DATA IN THIS EXERCISE:
= Beginning of Section =
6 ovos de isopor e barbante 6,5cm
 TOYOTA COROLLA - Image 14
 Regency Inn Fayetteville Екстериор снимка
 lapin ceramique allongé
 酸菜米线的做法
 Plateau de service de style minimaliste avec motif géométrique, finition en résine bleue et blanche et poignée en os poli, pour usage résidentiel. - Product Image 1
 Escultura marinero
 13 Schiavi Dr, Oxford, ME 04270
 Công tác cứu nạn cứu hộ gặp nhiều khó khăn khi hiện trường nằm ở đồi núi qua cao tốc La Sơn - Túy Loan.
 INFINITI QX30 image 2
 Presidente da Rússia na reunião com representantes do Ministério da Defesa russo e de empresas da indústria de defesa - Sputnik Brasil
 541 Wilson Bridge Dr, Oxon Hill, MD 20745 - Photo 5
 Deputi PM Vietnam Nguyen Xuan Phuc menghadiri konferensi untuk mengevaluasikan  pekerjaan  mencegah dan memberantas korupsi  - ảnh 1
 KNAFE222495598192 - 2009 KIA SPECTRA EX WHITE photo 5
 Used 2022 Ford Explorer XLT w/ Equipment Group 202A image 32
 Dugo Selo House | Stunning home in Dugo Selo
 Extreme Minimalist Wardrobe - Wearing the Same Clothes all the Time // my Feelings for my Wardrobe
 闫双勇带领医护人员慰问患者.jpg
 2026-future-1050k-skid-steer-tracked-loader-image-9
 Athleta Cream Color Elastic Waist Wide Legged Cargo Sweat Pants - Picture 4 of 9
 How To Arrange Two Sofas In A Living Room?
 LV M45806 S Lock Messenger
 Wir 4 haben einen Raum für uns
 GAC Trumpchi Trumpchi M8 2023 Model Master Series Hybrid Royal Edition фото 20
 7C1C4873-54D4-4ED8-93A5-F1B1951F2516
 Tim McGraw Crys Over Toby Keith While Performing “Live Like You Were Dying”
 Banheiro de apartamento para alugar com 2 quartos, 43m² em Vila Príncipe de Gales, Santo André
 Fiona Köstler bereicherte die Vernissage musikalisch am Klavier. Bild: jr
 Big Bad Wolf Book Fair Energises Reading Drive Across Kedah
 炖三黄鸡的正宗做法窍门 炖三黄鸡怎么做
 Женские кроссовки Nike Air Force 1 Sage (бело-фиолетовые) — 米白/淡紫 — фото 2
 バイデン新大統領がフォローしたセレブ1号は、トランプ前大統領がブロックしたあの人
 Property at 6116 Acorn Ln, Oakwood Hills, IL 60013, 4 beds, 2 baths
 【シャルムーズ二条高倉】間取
= End of Section =
Retype only the lines running from the line with "Big Bad Wolf" to the end of the listing, including both of those lines.

COMPLETED EXERCISE:
 Big Bad Wolf Book Fair Energises Reading Drive Across Kedah
 炖三黄鸡的正宗做法窍门 炖三黄鸡怎么做
 Женские кроссовки Nike Air Force 1 Sage (бело-фиолетовые) — 米白/淡紫 — фото 2
 バイデン新大統領がフォローしたセレブ1号は、トランプ前大統領がブロックしたあの人
 Property at 6116 Acorn Ln, Oakwood Hills, IL 60013, 4 beds, 2 baths
 【シャルムーズ二条高倉】間取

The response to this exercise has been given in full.